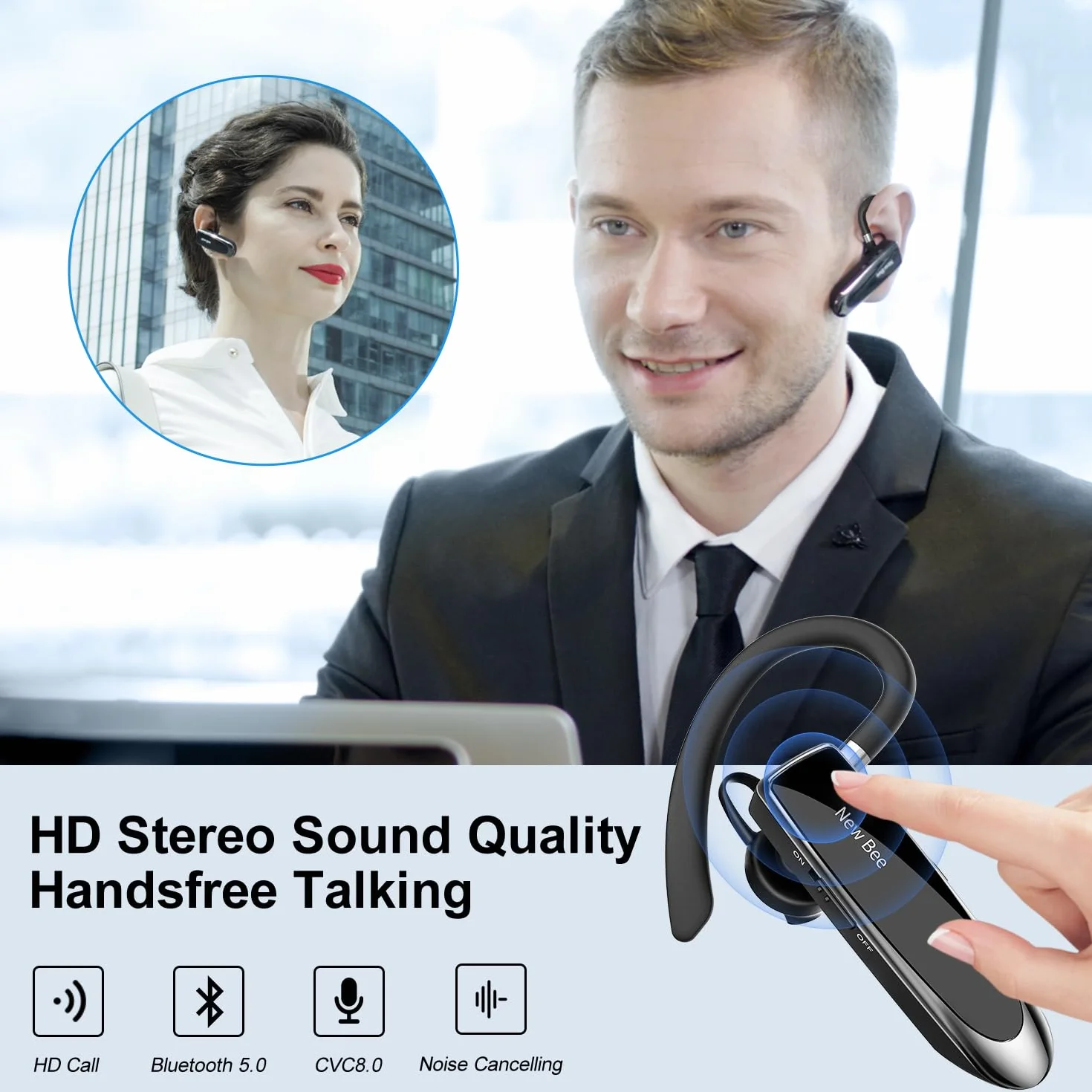 New Bee Bluetooth Headset Wireless Freisprech Telefon Bluetooth-Headset mit Mikrofon für iPhone Samsung Huawei mit 60 Tage Standby Schwarz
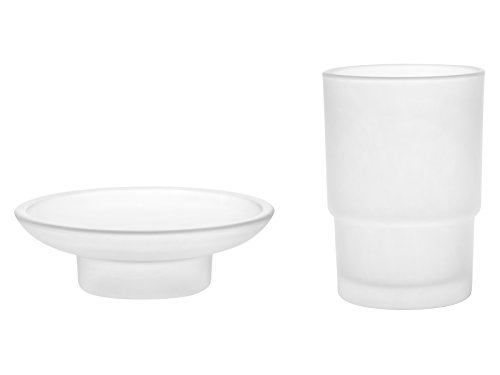 Livpow Vaso de cepillo de dientes de vidrio y jabonera de repuesto Set esmerilado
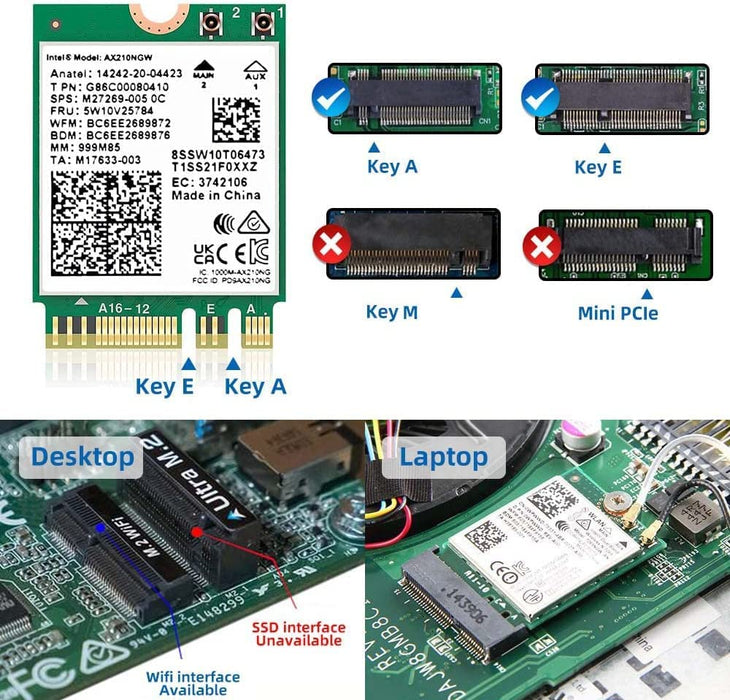 Intel WiFi 6E AX210 (Gig+) Wireless Network Adapter No vPro, Bluetooth 5.2 AX210.NGWG Wi-Fi 6E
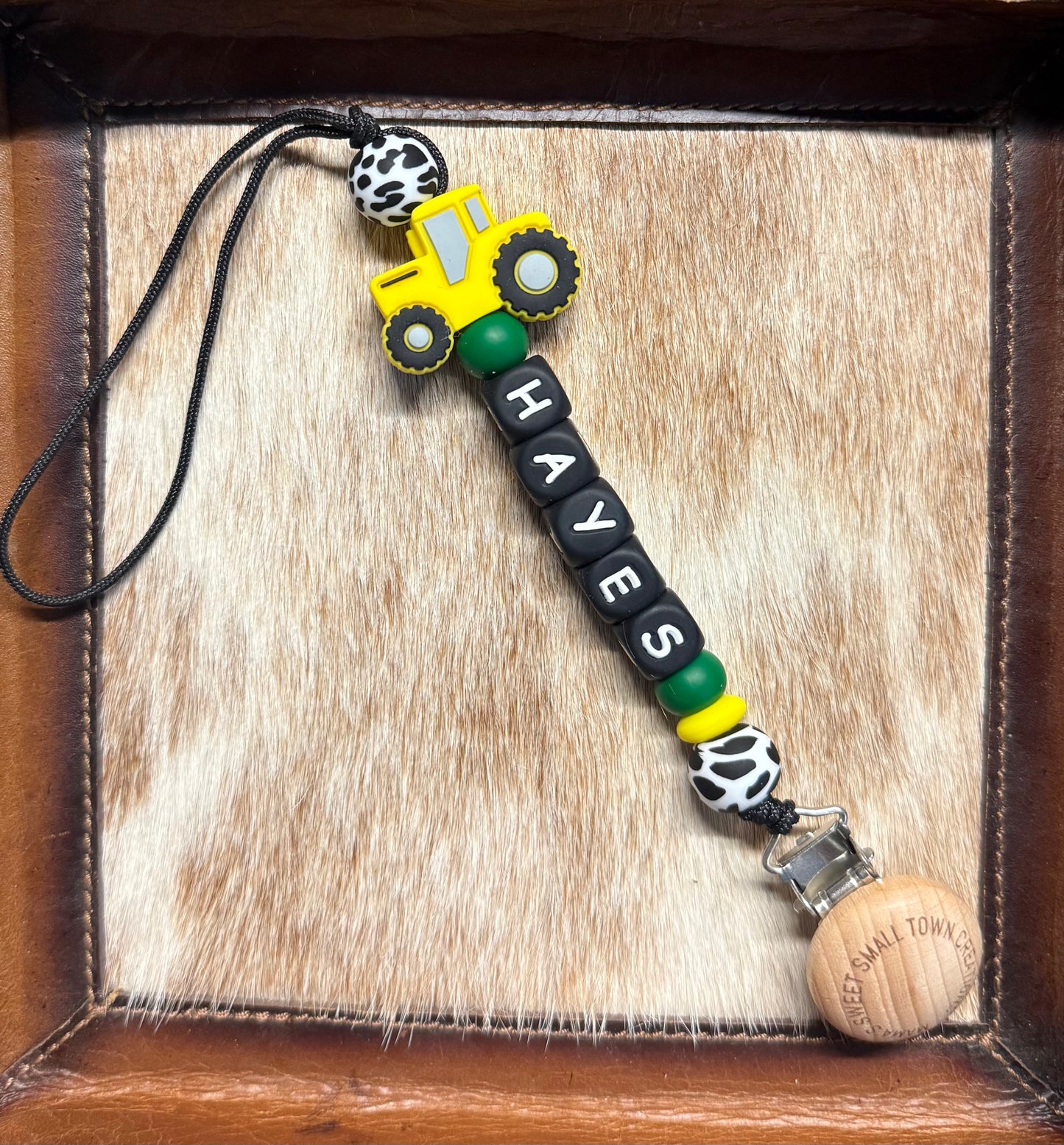 Yellow Tractor Green With Custom Name Pacifier Holder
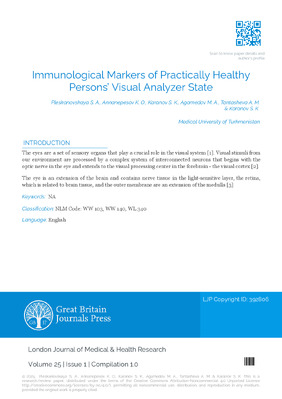 Immunological Markers of Practically Healthy Persons’ Visual Analyzer State
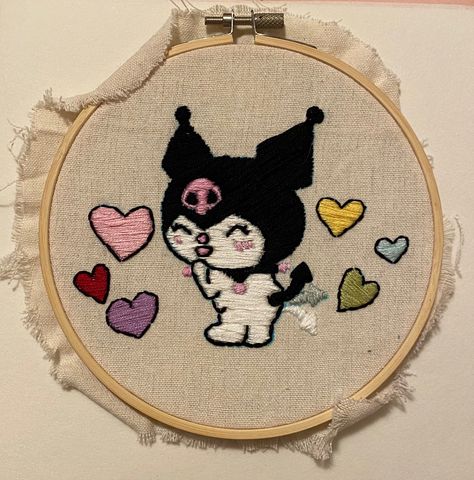 Embroidery Hello Kitty, Kuromi Cross Stitch Pattern, Kuromi Cross Stitch, Sanrio Embroidery, Kuromi Embroidery, Hello Kitty Embroidery, Kuromi Design, Hoop Wall Art, Embroidery Stitches Beginner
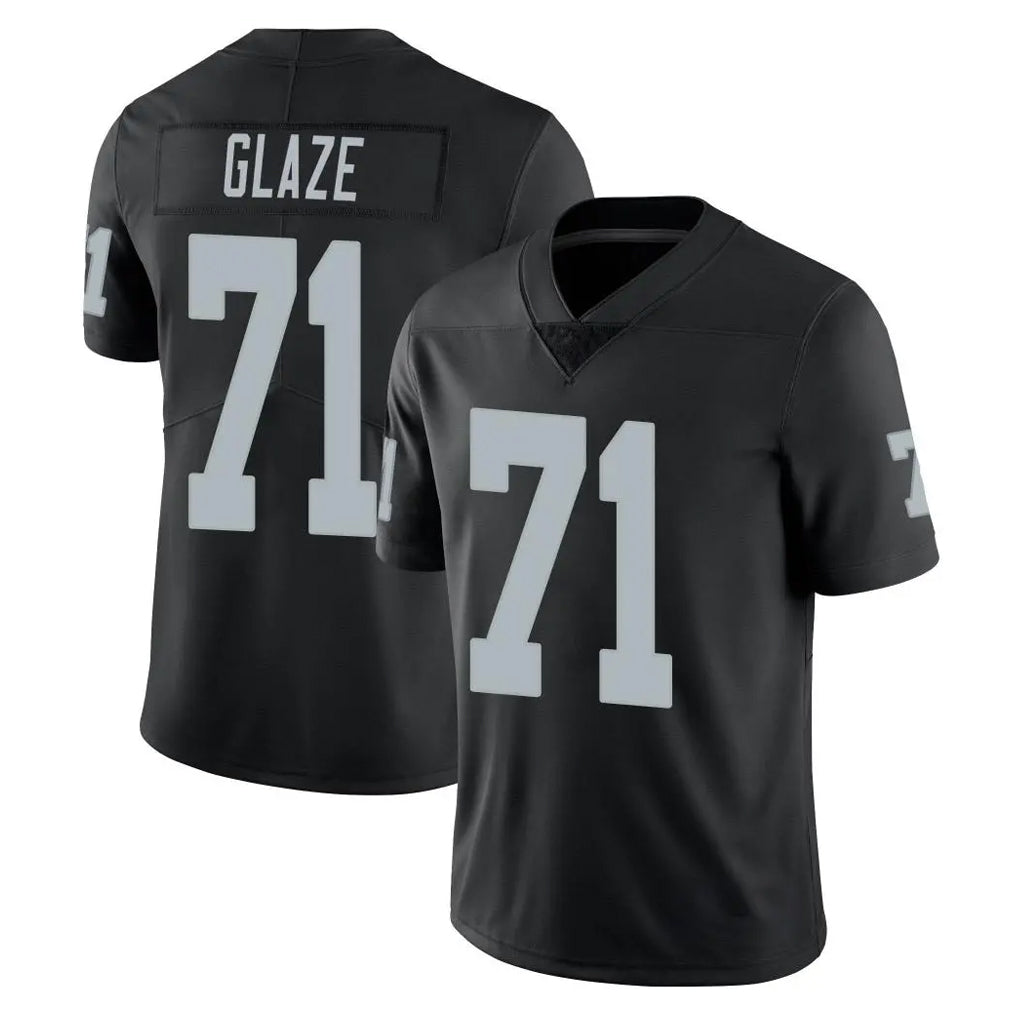 harde LV.Raiders #71 DJ Glaze Player Black Limited Vapor Untouchable Home Game Stitched Jerseys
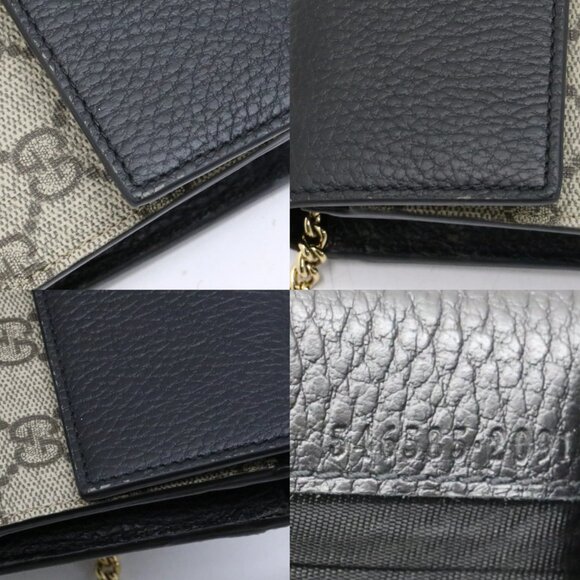 Gucci GG Marmont Bi Color Wallet on Chain Ebony Black Beige - Picture 14 of 15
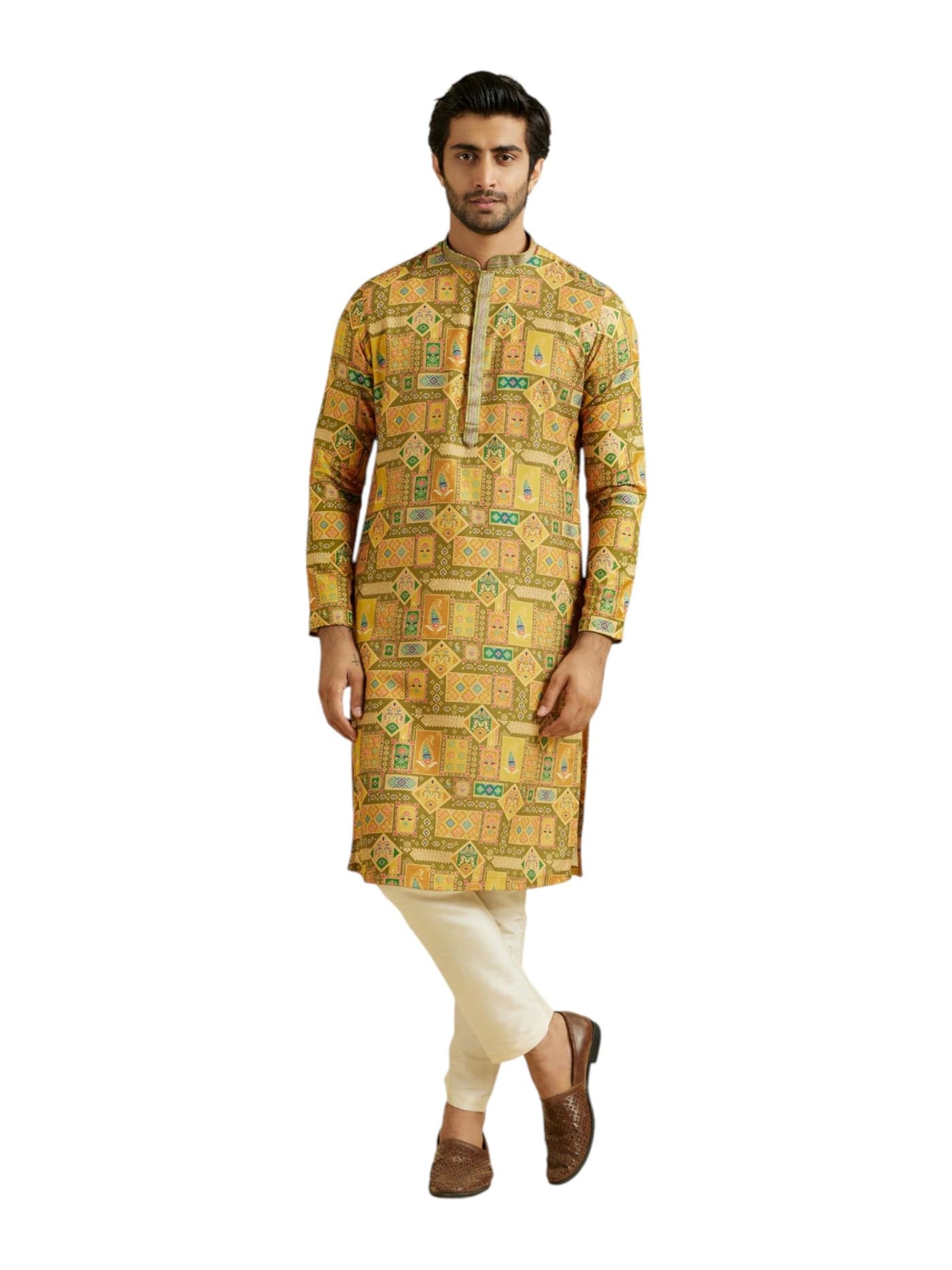 Manyavar Men's Art Silk Printed Kurta Pyjama Set (Mehndi Green,L)
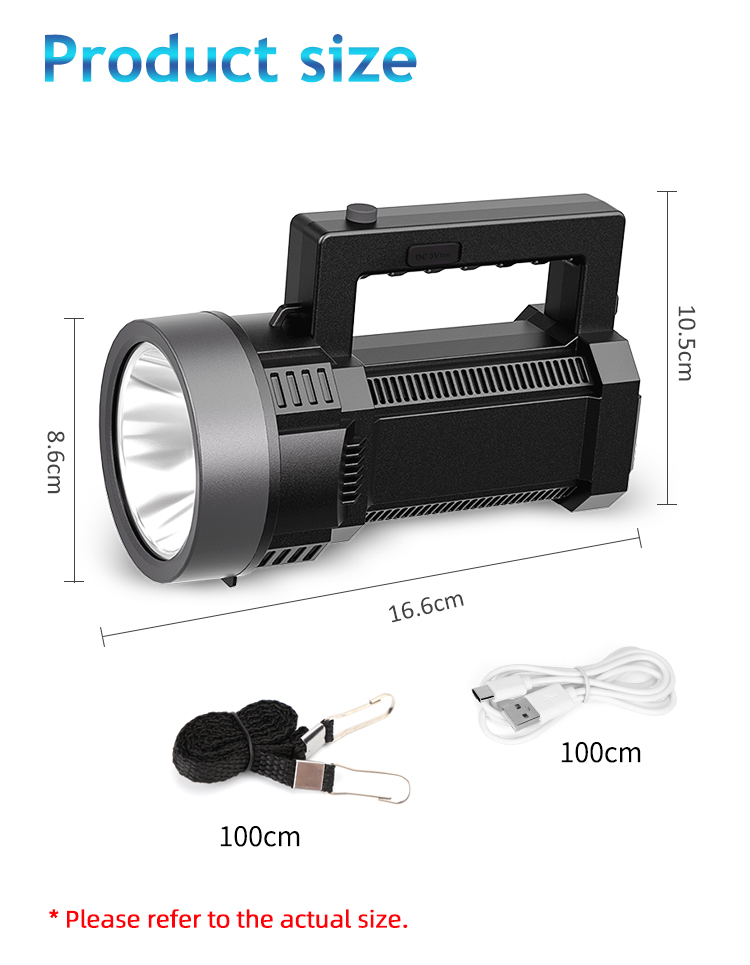 웨이다시 핸드 헬드 LED 서치 라이트 장거리 휴대용 LED 충전식 서치 라이트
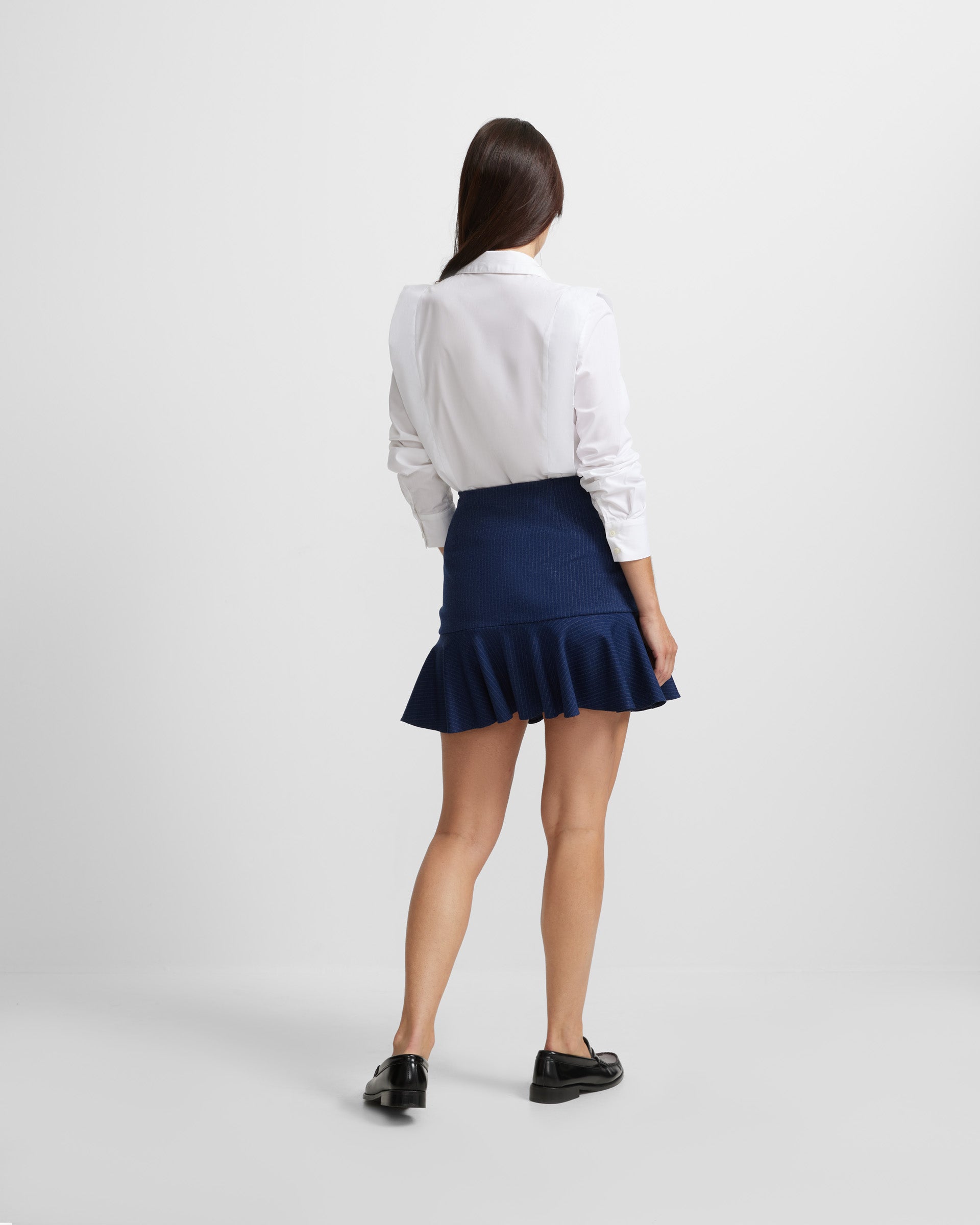 Navy diplomatic stripe bow short skirt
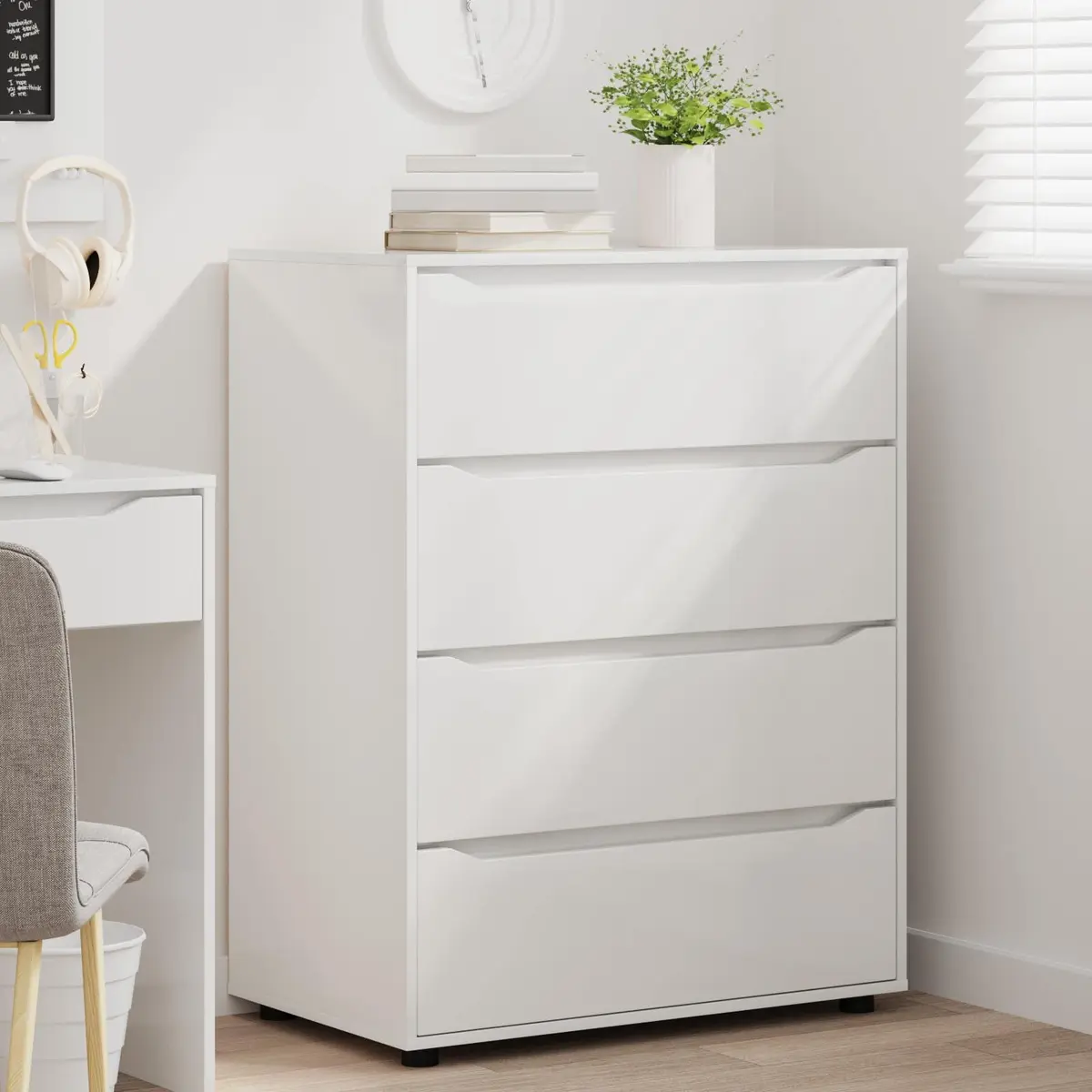 Storage Cabinet High Gloss White Engineered Wood Drawer Organiser Bedroom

◆ ◆ ◆ ◆

The answer should contain nothing but the lines from the top of the data above through the line containing "Intel WiFi 6E", copied exactly, with no images.

**WRITTEN SOLUTION**
 New Bee Bluetooth Headset Wireless Freisprech Telefon Bluetooth-Headset mit Mikrofon für iPhone Samsung Huawei mit 60 Tage Standby Schwarz
 Livpow Vaso de cepillo de dientes de vidrio y jabonera de repuesto Set esmerilado
 Intel WiFi 6E AX210 (Gig+) Wireless Network Adapter No vPro, Bluetooth 5.2 AX210.NGWG Wi-Fi 6E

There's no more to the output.